#### [WHAT THE TASK REQUIRES]
Return the listing in full, word for word.

#### [GIVEN RECORDS]

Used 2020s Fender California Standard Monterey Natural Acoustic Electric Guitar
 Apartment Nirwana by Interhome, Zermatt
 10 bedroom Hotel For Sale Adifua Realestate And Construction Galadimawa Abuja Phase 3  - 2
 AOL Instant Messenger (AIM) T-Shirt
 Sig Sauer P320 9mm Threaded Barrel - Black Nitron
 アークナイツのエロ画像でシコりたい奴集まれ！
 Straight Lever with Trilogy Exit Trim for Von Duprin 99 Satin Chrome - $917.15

#### [OUTPUT OF THE EXERCISE]
Used 2020s Fender California Standard Monterey Natural Acoustic Electric Guitar
 Apartment Nirwana by Interhome, Zermatt
 10 bedroom Hotel For Sale Adifua Realestate And Construction Galadimawa Abuja Phase 3  - 2
 AOL Instant Messenger (AIM) T-Shirt
 Sig Sauer P320 9mm Threaded Barrel - Black Nitron
 アークナイツのエロ画像でシコりたい奴集まれ！
 Straight Lever with Trilogy Exit Trim for Von Duprin 99 Satin Chrome - $917.15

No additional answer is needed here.